Researchers at Emory University, Hacettepe University and MD Anderson collaborated to collect matched samples from primary kidney tumours as well as extracranial and brain metastases from patients who also underwent surgery.
These consisted of frozen tissue samples from RCC patients, including 14 brain metastases, eight matched primary kidney tumours and five matched extracranial metastases. An additional 57 formalin-fixed paraffin-embedded (FFPE) brain metastases samples were included in the analysis.
The researchers performed single-nucleus RNA sequencing on nearly 200,000 cells to characterise gene expression within the samples. Using RNA spatial molecular imaging techniques, they mapped interactions between major cell types found in the tissues.
Tumour microenvironment of brain metastases has unique immunosuppressive features
Through their analysis, the researchers discovered that brain metastases had a strikingly immunosuppressive tumour microenvironment compared with primary tumours or extracranial metastases.
Brain metastases had greater infiltration of neuronal and glial cells, driving inflammatory responses that appear to suppress anti-tumour activity by binding with immune cells via known immunosuppressive ligand-receptor interactions.
Brain metastases also had fewer proliferating T cells, memory B cells, dendritic cells and monocytes.
Macrophages in the brain had more highly expressed immune-suppressing M2 gene signatures, which promote cell proliferation and repair.
Additionally, the brain metastases had higher activity of the VEGFR and FGFR4 growth-promoting proteins, higher levels of immune checkpoint proteins and an enrichment of various targets and pathways – including MYC genes – all of which allow the cancer cells to thrive in that microenvironment. Interestingly, the presence of naïve/memory T cells in the brain was associated with favourable overall survival after surgery, making this a potential prognostic marker.

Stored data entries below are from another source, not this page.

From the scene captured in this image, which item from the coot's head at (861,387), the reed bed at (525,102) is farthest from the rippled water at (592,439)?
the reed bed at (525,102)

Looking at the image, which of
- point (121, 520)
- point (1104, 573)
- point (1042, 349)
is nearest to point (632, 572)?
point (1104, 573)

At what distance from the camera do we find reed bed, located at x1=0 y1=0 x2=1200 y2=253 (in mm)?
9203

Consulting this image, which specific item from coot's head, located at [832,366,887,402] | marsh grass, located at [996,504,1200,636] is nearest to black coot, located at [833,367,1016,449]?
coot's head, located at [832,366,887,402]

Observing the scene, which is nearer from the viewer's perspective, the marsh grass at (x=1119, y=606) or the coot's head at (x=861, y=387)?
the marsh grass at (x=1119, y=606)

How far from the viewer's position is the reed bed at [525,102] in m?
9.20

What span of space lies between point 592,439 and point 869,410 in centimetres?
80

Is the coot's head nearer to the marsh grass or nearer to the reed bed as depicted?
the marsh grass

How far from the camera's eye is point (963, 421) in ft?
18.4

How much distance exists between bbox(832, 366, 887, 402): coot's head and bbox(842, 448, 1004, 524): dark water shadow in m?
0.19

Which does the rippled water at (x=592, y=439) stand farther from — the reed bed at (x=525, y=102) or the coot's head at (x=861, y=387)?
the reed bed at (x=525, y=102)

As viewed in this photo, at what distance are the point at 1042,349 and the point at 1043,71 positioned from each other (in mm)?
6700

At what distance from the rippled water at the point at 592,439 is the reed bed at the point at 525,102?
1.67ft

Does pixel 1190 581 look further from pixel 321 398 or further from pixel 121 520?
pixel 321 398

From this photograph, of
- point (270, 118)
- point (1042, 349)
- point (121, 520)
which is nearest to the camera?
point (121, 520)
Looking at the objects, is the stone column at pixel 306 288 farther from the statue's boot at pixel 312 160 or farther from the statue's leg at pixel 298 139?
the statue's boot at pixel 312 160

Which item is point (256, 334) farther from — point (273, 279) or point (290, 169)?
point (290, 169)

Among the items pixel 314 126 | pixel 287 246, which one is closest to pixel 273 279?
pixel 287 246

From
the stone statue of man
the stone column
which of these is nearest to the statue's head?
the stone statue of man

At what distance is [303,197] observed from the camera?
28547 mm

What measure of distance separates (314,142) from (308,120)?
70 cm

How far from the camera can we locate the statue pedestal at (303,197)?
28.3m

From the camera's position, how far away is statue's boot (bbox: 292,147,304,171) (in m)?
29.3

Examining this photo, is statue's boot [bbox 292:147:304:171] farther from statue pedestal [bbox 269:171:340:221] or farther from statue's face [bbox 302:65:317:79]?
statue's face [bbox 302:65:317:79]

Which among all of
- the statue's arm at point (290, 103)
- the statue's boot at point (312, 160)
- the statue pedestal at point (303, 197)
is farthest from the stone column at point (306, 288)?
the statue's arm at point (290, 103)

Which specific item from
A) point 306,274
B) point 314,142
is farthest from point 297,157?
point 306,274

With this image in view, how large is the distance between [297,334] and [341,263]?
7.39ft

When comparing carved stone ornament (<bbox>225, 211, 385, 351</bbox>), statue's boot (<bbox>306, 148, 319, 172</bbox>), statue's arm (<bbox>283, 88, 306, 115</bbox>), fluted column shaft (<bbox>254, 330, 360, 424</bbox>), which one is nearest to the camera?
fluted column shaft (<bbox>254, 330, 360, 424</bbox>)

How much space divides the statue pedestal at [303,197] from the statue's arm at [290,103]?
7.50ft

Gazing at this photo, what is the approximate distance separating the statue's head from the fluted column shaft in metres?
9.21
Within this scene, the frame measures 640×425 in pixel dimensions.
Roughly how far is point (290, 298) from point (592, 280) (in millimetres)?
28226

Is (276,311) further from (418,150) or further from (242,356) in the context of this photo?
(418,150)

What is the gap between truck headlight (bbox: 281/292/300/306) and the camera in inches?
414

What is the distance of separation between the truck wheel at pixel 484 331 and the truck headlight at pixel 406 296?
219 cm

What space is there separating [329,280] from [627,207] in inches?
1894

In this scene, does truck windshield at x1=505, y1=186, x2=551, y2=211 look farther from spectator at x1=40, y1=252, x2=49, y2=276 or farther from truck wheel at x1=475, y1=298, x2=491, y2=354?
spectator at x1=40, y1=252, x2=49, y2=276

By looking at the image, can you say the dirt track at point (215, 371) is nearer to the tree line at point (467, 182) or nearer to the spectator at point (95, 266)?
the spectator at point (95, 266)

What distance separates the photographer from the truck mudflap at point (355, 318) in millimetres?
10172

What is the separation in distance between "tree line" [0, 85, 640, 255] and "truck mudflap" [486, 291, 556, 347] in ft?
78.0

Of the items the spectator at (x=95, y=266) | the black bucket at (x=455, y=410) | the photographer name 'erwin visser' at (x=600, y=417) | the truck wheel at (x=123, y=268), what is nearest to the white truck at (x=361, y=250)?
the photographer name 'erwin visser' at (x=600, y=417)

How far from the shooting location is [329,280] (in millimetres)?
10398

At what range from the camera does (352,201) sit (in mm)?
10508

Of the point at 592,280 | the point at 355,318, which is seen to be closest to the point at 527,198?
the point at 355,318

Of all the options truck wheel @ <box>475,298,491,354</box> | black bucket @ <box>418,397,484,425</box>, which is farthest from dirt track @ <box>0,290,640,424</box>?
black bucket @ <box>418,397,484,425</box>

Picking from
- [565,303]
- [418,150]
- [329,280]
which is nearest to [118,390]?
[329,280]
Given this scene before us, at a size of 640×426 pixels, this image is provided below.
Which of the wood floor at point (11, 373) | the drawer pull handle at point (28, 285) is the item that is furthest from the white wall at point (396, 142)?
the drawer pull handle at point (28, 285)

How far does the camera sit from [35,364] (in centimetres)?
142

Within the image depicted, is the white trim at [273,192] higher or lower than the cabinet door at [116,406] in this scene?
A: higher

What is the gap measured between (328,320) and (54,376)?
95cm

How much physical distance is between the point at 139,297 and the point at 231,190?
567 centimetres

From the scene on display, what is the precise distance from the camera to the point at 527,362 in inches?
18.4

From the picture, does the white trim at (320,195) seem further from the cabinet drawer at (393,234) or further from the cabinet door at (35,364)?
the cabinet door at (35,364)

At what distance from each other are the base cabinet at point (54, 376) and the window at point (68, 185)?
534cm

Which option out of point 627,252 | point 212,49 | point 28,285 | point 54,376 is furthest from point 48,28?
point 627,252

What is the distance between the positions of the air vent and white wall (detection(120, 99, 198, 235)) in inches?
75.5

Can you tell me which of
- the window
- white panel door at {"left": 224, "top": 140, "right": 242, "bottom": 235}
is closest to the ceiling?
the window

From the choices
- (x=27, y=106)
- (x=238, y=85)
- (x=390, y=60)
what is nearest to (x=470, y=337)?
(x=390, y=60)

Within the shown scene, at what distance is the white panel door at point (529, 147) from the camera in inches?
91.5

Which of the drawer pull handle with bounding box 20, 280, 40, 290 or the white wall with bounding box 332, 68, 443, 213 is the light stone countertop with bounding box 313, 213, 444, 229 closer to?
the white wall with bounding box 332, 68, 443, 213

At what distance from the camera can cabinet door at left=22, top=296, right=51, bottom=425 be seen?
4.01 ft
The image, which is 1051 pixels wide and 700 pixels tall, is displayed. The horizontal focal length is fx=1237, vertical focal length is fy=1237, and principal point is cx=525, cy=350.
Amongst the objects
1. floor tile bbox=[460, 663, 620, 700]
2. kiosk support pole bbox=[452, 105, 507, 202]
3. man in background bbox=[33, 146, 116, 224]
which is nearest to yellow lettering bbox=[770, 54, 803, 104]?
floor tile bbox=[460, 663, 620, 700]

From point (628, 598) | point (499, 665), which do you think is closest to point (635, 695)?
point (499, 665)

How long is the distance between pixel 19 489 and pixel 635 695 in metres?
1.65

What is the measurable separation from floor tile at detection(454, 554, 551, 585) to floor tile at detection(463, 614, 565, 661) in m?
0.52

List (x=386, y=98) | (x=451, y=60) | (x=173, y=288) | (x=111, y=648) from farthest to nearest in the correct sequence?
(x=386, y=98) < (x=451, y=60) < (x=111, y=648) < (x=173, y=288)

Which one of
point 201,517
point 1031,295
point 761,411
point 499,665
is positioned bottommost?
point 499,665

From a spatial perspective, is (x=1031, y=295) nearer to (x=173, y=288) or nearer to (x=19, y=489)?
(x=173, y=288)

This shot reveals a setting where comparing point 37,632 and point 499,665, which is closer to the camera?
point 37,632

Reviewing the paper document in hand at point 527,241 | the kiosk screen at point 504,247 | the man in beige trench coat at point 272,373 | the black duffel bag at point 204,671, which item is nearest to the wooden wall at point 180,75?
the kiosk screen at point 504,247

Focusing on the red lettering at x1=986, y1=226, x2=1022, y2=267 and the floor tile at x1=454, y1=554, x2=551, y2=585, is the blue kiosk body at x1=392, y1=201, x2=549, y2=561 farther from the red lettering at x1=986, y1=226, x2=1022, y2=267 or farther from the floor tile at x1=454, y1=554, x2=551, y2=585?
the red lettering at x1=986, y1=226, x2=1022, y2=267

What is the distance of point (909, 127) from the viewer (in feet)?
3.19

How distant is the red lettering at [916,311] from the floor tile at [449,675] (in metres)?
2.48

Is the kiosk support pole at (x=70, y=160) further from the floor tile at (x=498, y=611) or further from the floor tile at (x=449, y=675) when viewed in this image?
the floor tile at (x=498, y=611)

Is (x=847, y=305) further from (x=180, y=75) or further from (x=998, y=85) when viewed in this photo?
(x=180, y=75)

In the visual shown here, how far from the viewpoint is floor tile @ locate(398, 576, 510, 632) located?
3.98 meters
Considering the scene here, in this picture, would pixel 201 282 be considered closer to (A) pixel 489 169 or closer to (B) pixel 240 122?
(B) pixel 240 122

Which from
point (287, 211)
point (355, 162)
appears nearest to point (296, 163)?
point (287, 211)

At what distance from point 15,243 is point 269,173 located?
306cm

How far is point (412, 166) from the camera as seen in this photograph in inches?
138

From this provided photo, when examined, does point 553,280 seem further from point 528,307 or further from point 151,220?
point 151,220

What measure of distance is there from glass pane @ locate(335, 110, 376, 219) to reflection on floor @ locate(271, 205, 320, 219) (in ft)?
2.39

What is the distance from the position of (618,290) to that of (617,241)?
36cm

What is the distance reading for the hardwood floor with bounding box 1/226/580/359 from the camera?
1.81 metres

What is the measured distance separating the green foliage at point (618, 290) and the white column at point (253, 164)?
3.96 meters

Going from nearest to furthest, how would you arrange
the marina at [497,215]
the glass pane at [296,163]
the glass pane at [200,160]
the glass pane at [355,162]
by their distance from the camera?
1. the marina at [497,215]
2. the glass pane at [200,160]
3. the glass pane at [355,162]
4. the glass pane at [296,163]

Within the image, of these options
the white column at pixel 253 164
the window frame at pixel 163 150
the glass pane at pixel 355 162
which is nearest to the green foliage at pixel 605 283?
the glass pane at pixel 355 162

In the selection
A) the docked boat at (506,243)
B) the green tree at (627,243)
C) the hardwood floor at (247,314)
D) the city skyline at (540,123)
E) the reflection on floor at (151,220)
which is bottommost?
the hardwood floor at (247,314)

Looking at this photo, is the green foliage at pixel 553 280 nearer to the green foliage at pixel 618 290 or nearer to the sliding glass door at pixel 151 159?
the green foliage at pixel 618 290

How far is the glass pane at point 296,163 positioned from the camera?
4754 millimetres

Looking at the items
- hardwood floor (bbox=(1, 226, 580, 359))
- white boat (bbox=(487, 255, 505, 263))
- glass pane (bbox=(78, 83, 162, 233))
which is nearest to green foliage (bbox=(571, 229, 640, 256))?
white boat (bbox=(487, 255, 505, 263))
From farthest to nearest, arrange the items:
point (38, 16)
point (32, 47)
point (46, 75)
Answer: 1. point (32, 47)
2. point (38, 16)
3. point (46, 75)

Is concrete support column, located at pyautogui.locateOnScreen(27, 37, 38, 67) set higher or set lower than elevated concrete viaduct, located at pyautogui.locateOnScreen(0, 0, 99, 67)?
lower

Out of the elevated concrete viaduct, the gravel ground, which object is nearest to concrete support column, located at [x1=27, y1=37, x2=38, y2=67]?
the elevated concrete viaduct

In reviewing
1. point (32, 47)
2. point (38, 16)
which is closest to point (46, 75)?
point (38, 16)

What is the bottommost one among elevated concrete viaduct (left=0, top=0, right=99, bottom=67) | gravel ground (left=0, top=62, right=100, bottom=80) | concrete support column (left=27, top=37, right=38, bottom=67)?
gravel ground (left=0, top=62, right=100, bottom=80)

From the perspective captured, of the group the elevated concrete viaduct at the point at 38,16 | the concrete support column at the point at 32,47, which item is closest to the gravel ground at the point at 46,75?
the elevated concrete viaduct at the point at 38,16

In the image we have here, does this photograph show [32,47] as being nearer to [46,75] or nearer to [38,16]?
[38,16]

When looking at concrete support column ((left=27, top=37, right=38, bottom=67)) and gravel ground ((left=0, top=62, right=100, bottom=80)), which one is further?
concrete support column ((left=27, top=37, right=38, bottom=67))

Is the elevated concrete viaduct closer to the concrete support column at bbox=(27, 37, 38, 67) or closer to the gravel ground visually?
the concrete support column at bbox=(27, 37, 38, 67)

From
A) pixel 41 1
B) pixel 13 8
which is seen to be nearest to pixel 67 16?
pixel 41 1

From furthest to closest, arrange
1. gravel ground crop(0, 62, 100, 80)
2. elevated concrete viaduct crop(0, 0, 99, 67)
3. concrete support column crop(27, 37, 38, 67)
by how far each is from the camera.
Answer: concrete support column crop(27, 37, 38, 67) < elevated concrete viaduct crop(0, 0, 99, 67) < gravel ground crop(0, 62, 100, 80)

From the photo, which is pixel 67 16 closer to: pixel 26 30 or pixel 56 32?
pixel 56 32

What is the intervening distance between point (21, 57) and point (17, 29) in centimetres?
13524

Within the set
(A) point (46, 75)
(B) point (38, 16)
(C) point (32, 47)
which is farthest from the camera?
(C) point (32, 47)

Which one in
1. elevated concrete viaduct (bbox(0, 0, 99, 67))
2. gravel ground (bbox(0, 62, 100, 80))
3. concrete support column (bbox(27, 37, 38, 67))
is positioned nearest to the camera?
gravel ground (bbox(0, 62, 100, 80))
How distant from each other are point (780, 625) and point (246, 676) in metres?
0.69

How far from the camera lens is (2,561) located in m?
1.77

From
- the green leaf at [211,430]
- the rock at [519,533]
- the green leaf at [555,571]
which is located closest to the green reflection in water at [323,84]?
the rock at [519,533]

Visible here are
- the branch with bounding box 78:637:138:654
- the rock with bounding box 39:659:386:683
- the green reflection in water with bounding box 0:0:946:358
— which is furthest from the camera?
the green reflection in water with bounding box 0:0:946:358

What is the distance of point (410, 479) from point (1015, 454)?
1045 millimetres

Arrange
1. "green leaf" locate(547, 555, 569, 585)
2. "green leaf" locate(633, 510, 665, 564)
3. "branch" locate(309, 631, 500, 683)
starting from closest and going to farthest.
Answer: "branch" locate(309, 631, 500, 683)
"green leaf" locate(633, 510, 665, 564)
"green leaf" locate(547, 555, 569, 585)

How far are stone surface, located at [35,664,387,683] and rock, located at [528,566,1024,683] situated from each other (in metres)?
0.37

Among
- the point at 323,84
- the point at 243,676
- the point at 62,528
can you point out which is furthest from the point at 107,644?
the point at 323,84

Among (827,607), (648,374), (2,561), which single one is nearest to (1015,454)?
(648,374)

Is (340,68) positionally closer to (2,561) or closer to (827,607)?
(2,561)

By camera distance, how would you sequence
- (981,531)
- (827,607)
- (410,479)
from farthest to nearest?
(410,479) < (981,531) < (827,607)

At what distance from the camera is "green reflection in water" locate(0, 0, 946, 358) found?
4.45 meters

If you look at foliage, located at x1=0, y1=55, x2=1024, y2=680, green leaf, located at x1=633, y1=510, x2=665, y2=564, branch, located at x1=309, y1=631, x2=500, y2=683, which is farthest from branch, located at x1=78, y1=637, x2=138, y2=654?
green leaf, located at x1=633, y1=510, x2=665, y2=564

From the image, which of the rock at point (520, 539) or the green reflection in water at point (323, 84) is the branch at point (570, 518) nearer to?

Based on these results, Hasanov and colleagues plan to pursue further preclinical and clinical trials to test various combination therapies against VEGFR and FGFR4 (lenvatinib) and other identified targets in combination with immune checkpoint inhibitors (pembrolizumab) for patients with RCC brain metastases.
“There are communication highways between neuronal cells and other cell populations that do not exist in the kidney and other metastatic sites, but they are very dominant in the brain. It’s a whole other world with different tumour- and host organ-driven players and communications,” Hasanov said.
The beauty of single-nucleus sequencing and spatial transcriptomics is that it allows us to look deeper and create snapshots of these cells and their location so we can better understand their biological value at the protein and RNA level. This helps us to identify potential therapeutic targets and to work towards designing therapies that can improve patient outcomes.”